Skip to content

PerFeatureTransformer

Bases: Module

A Transformer model processes a token per feature and sample.

This model extends the standard Transformer architecture to operate on a per-feature basis. It allows for processing each feature separately while still leveraging the power of self-attention.

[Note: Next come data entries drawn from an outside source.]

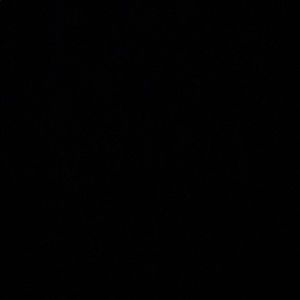 Meet your Posher, Will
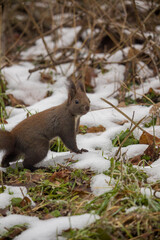 Red squirrel (Eurasian red squirrel or Sciurus vulgaris), from the family Sciuridae, searching for raw nuts during the winter.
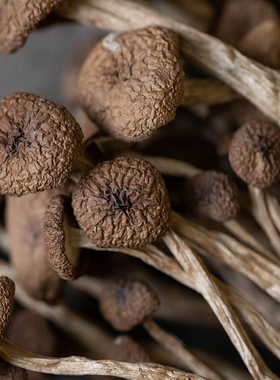 青川菌子农家自产干货茶树菇开伞茶薪菇250g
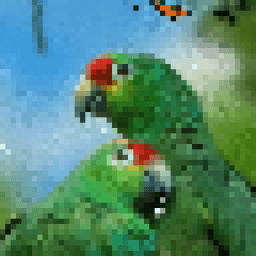 Parrot Love Birds Live Wallpaper icon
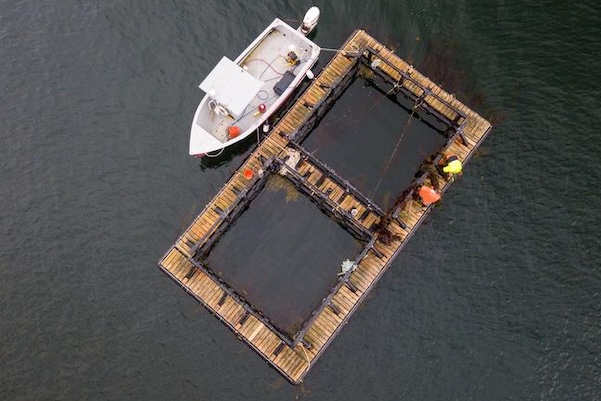 aquaculture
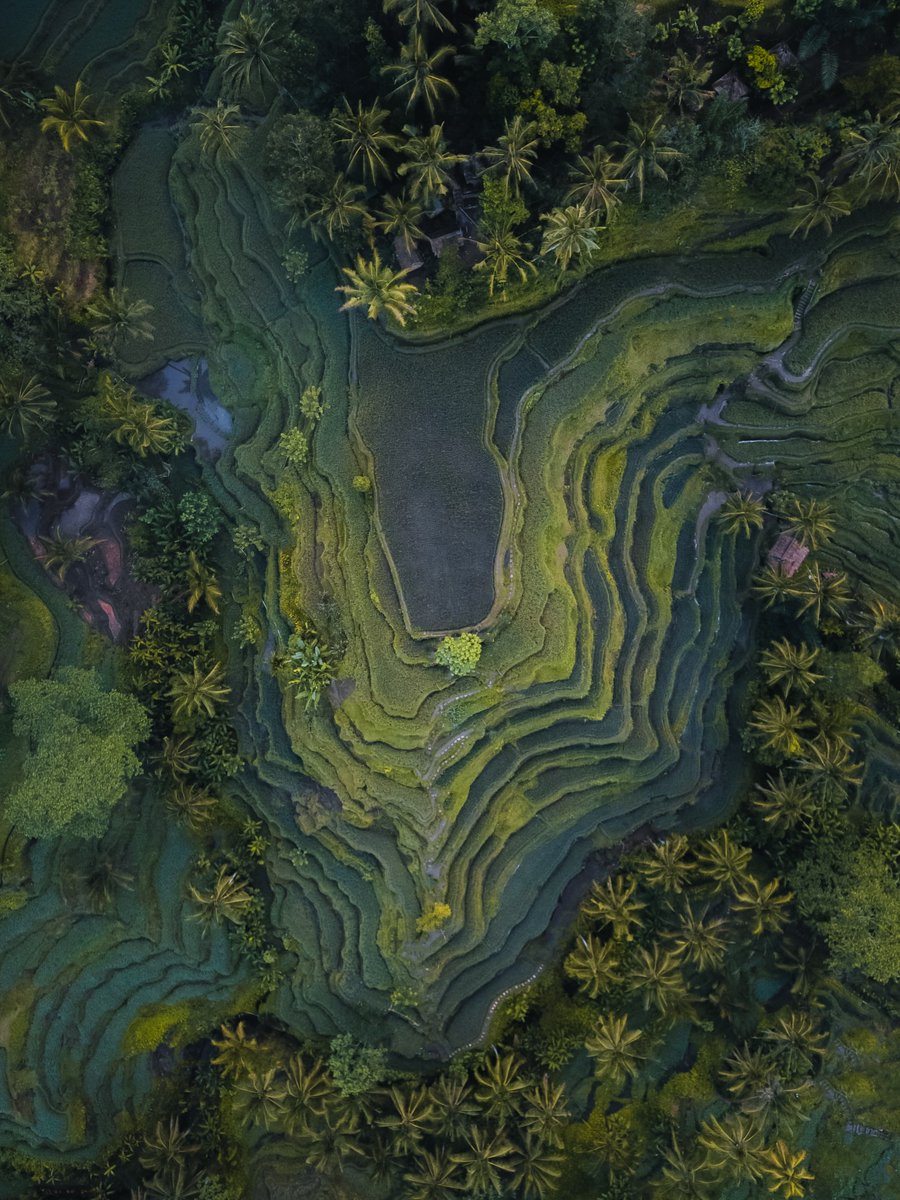 The World tweet media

The model consists of an encoder, decoder, and optional components such as a feature positional embedding and a separate decoder for each feature.

__init__

__init__(
    encoder: Module = encoders.SequentialEncoder(
        encoders.LinearInputEncoderStep(
            1,
            DEFAULT_EMSIZE,
            in_keys=["main"],
            out_keys=["output"],
        )
    ),
    ninp: int = DEFAULT_EMSIZE,
    nhead: int = 4,
    nhid: int = DEFAULT_EMSIZE * 4,
    nlayers: int = 10,
    y_encoder: Module = encoders.SequentialEncoder(
        encoders.NanHandlingEncoderStep(),
        encoders.LinearInputEncoderStep(
            2,
            DEFAULT_EMSIZE,
            out_keys=["output"],
            in_keys=["main", "nan_indicators"],
        ),
    ),
    decoder_dict: Dict[
        str, Tuple[Optional[Type[Module]], int]
    ] = {"standard": (None, 1)},
    init_method: Optional[str] = None,
    activation: str = "gelu",
    recompute_layer: bool = False,
    min_num_layers_layer_dropout: Optional[int] = None,
    repeat_same_layer: bool = False,
    dag_pos_enc_dim: int = 0,
    features_per_group: int = 1,
    feature_positional_embedding: Optional[str] = None,
    zero_init: bool = True,
    use_separate_decoder: bool = False,
    nlayers_decoder: Optional[int] = None,
    use_encoder_compression_layer: bool = False,
    precomputed_kv: Optional[
        List[Union[Tensor, Tuple[Tensor, Tensor]]]
    ] = None,
    cache_trainset_representation: bool = False,
    **layer_kwargs: Any
)

Parameters:

Name Type Description Default
encoder Module

Pass a nn.Module that takes in a batch of sequences of inputs and returns something of the shape (seq_len, batch_size, ninp)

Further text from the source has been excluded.